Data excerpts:

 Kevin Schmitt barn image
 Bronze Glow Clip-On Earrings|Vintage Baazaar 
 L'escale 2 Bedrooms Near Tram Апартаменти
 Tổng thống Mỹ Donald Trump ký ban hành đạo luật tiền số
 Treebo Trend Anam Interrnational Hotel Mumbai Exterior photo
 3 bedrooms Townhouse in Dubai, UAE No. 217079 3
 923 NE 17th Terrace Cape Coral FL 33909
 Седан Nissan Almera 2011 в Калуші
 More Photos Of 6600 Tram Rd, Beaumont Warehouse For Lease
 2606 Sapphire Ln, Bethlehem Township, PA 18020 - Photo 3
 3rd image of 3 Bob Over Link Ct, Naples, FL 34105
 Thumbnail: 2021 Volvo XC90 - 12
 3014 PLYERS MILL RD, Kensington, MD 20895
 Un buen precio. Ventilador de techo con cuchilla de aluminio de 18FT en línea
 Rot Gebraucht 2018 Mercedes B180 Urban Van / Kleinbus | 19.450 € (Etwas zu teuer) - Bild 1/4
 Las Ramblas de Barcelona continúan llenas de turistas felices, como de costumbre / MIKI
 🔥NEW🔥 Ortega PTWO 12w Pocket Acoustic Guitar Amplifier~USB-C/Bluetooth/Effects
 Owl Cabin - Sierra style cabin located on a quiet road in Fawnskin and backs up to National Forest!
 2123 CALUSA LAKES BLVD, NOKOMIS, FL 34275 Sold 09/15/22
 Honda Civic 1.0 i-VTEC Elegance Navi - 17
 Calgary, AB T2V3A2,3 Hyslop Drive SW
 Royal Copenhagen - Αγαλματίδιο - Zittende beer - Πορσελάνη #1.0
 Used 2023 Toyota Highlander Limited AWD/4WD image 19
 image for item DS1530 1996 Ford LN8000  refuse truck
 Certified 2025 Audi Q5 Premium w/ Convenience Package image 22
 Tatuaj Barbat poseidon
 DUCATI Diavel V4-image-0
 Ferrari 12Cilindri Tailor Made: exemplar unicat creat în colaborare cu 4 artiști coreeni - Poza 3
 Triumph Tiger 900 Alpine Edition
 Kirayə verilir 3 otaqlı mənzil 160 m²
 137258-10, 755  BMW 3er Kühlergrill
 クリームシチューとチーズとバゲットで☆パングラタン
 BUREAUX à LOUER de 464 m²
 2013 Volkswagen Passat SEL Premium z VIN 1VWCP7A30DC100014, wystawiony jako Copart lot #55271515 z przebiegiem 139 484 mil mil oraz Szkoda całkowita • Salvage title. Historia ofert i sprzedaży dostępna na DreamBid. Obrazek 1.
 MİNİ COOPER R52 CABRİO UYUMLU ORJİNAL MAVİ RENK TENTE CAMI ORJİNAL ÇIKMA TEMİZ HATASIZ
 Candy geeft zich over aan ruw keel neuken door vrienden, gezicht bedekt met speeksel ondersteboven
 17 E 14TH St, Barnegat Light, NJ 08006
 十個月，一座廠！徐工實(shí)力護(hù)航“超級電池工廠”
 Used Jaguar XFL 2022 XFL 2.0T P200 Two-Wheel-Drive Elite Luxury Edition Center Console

WORK INSTRUCTION: In the entries above, copy each line that contains the string "Drive".

WRITTEN SOLUTION:
 Calgary, AB T2V3A2,3 Hyslop Drive SW
 Used Jaguar XFL 2022 XFL 2.0T P200 Two-Wheel-Drive Elite Luxury Edition Center Console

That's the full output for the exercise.